OBJECTIVE: to compare the cost-effectiveness of two models of service delivery: Midwifery Group Practice (MGP) and baseline cohort. DESIGN: a retrospective and prospective cohort study. SETTING: a regional hospital in Northern Territory (NT), Australia. METHODS: baseline cohort included all Aboriginal mothers (n=412), and their infants (n=416), from two remote communities who gave birth between 2004 and 2006. The MGP cohort included all Aboriginal mothers (n=310), and their infants (n=315), from seven communities who gave birth between 2009 and 2011. The baseline cohort mothers and infant's medical records were retrospectively audited and the MGP cohort data were prospectively collected. All the direct costs, from the Department of Health (DH) perspective, occurred from the first antenatal presentation to six weeks post partum for mothers and up to 28 days post births for infants were included for analysis. ANALYSIS: analysis was performed with SPSS 19.0 and Stata 12.1. Independent sample of t-tests and χ2 were conducted. FINDINGS:women receiving MGP care had significantly more antenatal care, more ultrasounds, were more likely to be admitted to hospital antenatally, and had more postnatal care in town. The MGP cohort had significantly reduced average length of stay for infants admitted to Special Care Nursery (SCN).

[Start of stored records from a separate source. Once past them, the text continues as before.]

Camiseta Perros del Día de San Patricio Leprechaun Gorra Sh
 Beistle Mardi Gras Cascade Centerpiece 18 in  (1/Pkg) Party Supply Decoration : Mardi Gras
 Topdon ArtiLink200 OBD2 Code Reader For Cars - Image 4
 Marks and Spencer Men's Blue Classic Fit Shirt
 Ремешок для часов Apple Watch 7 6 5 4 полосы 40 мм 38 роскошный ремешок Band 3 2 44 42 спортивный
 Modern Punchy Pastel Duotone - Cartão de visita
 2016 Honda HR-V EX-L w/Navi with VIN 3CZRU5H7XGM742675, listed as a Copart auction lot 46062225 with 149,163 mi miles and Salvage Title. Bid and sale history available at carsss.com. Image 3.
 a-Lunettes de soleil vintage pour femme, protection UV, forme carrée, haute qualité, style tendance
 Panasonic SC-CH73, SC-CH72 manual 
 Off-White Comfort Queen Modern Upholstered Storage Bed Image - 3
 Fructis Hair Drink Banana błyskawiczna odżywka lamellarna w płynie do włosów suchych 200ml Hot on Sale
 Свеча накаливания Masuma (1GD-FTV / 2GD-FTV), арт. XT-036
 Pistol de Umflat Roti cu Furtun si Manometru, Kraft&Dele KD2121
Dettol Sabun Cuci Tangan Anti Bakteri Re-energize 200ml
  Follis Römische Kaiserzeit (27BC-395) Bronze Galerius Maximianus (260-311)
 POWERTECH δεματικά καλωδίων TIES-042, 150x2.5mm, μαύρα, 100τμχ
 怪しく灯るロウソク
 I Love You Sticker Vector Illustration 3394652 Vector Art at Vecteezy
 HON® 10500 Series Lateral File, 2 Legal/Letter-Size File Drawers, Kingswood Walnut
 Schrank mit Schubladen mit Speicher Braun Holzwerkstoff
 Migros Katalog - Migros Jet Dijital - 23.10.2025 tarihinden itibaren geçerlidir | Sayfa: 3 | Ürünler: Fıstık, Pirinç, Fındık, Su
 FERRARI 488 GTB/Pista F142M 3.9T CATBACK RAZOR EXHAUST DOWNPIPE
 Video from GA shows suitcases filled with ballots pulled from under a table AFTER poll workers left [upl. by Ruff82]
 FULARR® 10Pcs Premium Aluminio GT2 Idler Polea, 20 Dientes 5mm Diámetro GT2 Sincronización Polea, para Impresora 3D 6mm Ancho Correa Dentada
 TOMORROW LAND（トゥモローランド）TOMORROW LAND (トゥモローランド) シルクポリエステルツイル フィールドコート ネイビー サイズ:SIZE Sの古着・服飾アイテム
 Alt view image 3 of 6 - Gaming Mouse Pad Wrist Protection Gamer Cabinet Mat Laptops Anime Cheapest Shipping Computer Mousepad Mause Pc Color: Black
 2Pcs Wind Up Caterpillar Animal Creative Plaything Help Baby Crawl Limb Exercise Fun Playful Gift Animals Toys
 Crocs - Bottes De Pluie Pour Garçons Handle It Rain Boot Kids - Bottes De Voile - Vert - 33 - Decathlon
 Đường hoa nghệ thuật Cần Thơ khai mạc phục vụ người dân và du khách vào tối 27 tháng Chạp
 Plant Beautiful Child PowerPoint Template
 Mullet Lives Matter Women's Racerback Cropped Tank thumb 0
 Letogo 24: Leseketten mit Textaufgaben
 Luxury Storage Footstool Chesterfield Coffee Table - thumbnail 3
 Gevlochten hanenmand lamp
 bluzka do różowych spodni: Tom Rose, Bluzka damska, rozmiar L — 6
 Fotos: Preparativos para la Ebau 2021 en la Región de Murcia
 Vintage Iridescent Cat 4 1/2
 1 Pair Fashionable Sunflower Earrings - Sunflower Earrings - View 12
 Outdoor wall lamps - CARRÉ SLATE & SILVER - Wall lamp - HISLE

There was no significant difference between the two cohorts for major birth outcomes such as mode of birth, preterm birth rate and low birth weight. Costs savings (mean A$703) were found, although these were not statistically significant, for women and their infants receiving MGP care compared to the baseline cohort. CONCLUSIONS: for remote dwelling Aboriginal women of all risk who travelled to town for birth, MGP was likely to be cost effective, and women received better care and resulting in equivalent birth outcomes compared with the baseline maternity care.